Het huis heeft de lengtemaat van 30 Rijnlandse voet (9.42 meter), die door het hele ontwerp terugkomt. Wanneer hij voor een groter huis gekozen zou hebben zou volgens deze theorie op basis van de verhouding 1:2:4 ook voor de brug en het voorplein een grotere omvang nodig zijn geweest om het juiste evenwicht in de proporties te bewaken. De omstandigheden lieten geen vergroting van de vijver toe, met als gevolg dat het grotere huis niet meer in het midden van de vijver gelegen zou hebben, waardoor de harmonie verstoord zou zijn. Zo moest Huygens zich ter wille van de Vitruviaanse zuiverheid van bouwen tevreden stellen met een betrekkelijk klein huis (Bregman 2000, p. 10-12).

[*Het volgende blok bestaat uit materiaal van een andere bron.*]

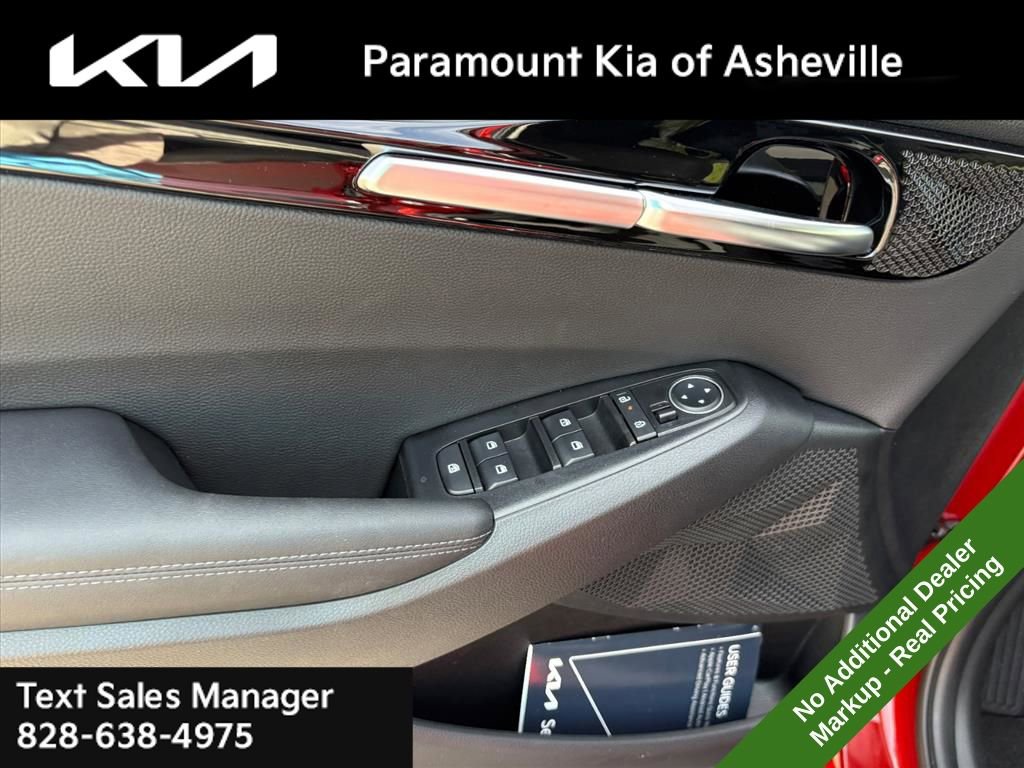 New 2026 Kia Seltos S AWD/4WD image 23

Deze keuze op grond van sociale, ethische en classicistische argumenten had bovendien het voordeel dat hij paste in de traditie van het landleven zoals die in de West-Europese literatuur verwoord was. Sinds de Romeinse scriptores rei rusticae gold de eis dat een huis op het land niet te groot en te weelderig mocht zijn

(bijvoorbeeld Varro, De agricultura xiii, 6, 7). In de buitenlevenliteratuur is deze opvatting tot een topos geworden. Zowel Cats als Westerbaen benadrukken dat zij een klein, laag huis bewonen. Huygens' Engelse tijdgenoot Abraham Cowley spreekt de wens uit: ‘that I might be Master at last of a small House and large Garden’

(Cowley 1967, p. 326). Dit is precies wat Huygens bereikt heeft.

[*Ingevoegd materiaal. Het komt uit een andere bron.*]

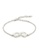 estele silver Estele silver Plated Infinit   Link bracelet 2CC7CACC9B2D59GS_2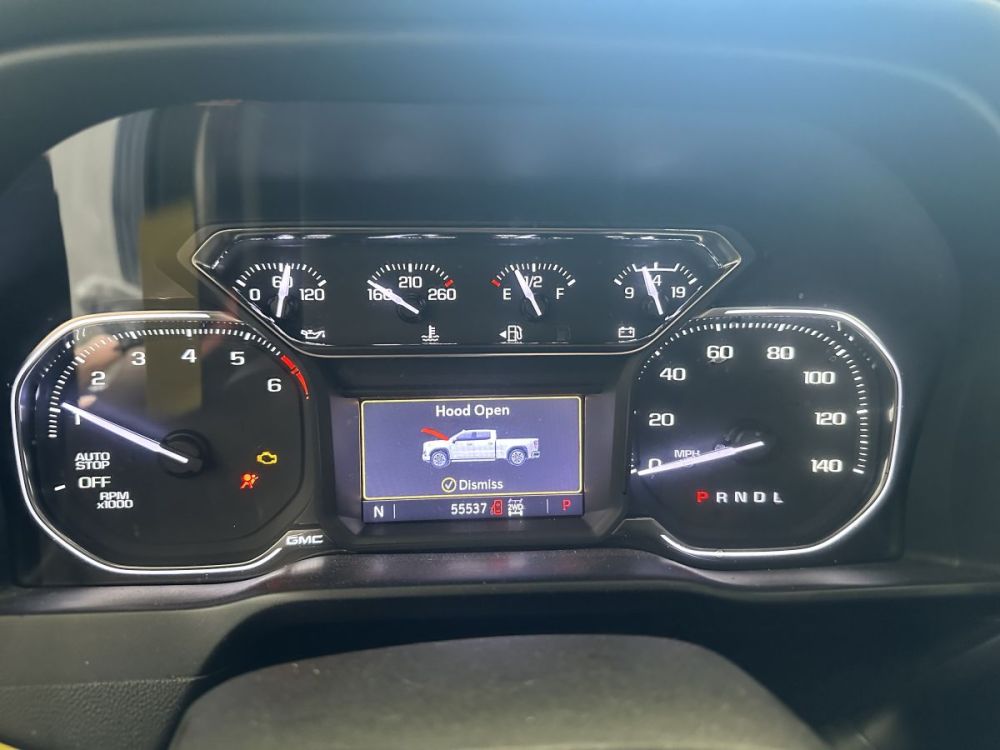 2020 GMC Sierra 1500 CrewCab 4X4 Elevation - photo 14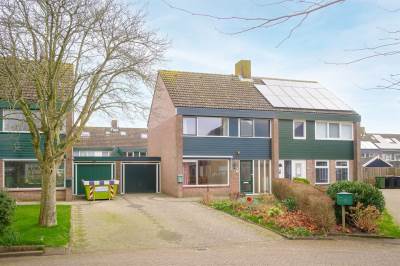 Woning Koningin Wilhelminalaan 39 Hippolytushoef
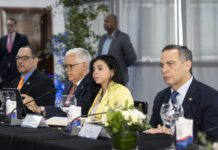 Procuradora general resalta necesidad de fomentar acuerdos penales en la administración de justicia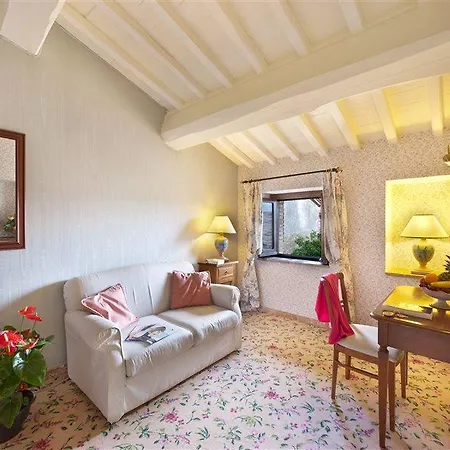 Relais Il Canalicchio Country & Spa 호텔 4*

Het huis mag klein geweest zijn, het is niet zonder enige luxe uitgevoerd. Het

heeft een leien dak en een slotbrug die versierd is met beelden die de vier

jaargetijden voorstellen. In de gevelnissen zijn - uniek voor ons land - grisailles

aangebracht, schilderingen die vanuit de verte gezien een driedimensionaal effect

bieden (Roosendaal 1987, p. 211-12).

(6)

Op een tekening van F. de Moucheron uit ca. 1675 is te zien dat in het festoen van één van de gevelnissen van het souterrain het woord otium is aangebracht. De landheer geeft hier in positieve zin de functie van zijn buitenverblijf aan, die hij in de naam van zijn huis negatief geformuleerd heeft.

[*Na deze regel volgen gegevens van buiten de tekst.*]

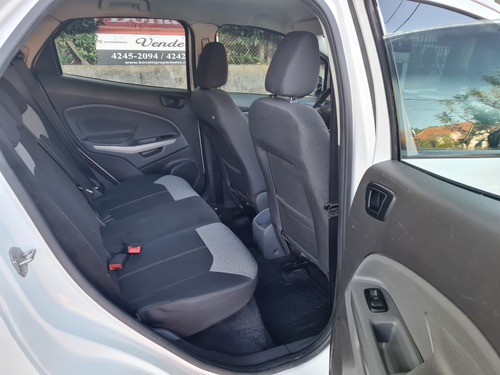 Imagen 15 de 17 de Ford Eco Sport 1.6n Se 2016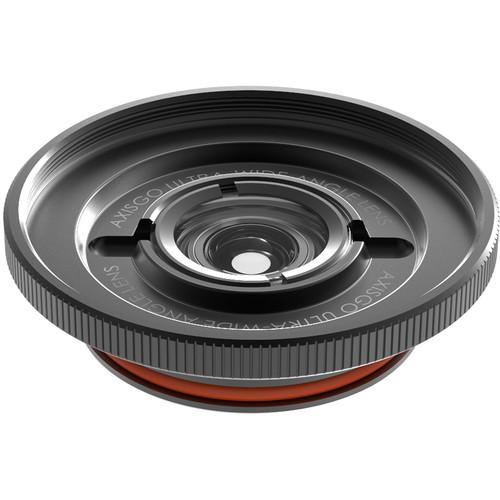 AquaTech AxisGO Ultra-Wide Lens Port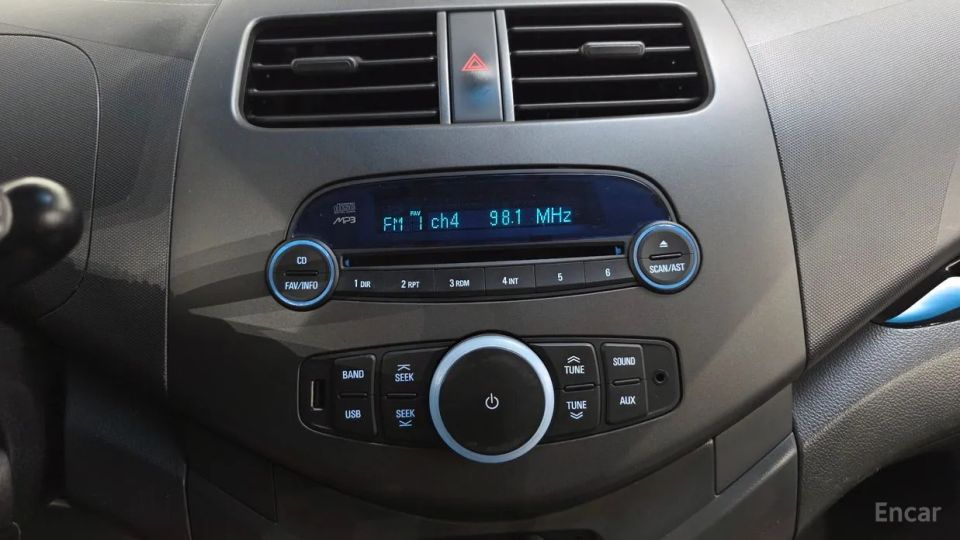 ChevroletGMDaewoo Matiz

De tuin valt vooral op door een overwicht aan bomen. De enige bloemen die in het gedicht Hofwijck genoemd worden, zijn rozen. Anders dan bij Cats en Westerbaen ontbreken bloemperken. Huygens heeft een belangrijke rol gespeeld als adviseur van Frederik Hendrik bij de aanleg van de stadhouderlijke tuinen. Daar ging het zowel om een veel complexere tuinaanleg als om versiering met veel beelden die ook een programmatische functie hadden (Bezemer Sellers 2001, passim, i.h.b. p.

227-230). Zijn eigen tuin is bepaald geen replica in het klein van de stadhouderlijke tuinen. Erik de Jong typeert het geheel terecht als ‘eigenlijk meer bos dan tuin’ (De Jong 1984, p. 53).

Het is duidelijk een tuin die veroverd is op de ongecultiveerde natuur. Ter wille van Hofwijck is weiland omgeploegd, een vijver uitgegraven en een heuvel opgeworpen van afgegraven zandgrond. Erik de Jong wijst erop, dat in deze mathematisch bepaalde tuinarchitectuur soms het contrast tussen gecultiveerde en ongecultiveerde natuur bewust uitgebuit werd. Als voorbeeld noemt hij onder meer Huygens die zijn overtuin ‘Een tamme wildernis van woeste schik'lickheden’ noemde (r. 145), een combinatie van wild en tam, van geometrische ordening en vrij uitgroeiende bomen (De Jong 1993, p. 47, zie ook Bakker 2003, p. 240).

De tuin kent ook enige tuinsieraden. De kunstmatig opgeworpen berg werd eerst bekroond door een obelisk, die later door een stormbestendiger uitkijktoren

vervangen werd. Een heuvel in de tuin was een modern element (Terwen en Ottenheym 1993, p. 71) en ook een obelisk was iets bijzonders, zij het niet geheel nieuw. Johan Maurits van Nassau, Huygens' buurman in Den Haag, had al eerder in zijn tuin een berggrot met uitkijkpost laten bouwen die met twee obelisken werd versierd (Diedenhofen 1990, p. 51). Verder zijn als tuinsieraden nog vier houten tuinhuisjes te noemen en in r. 359 is sprake van een zodenbank.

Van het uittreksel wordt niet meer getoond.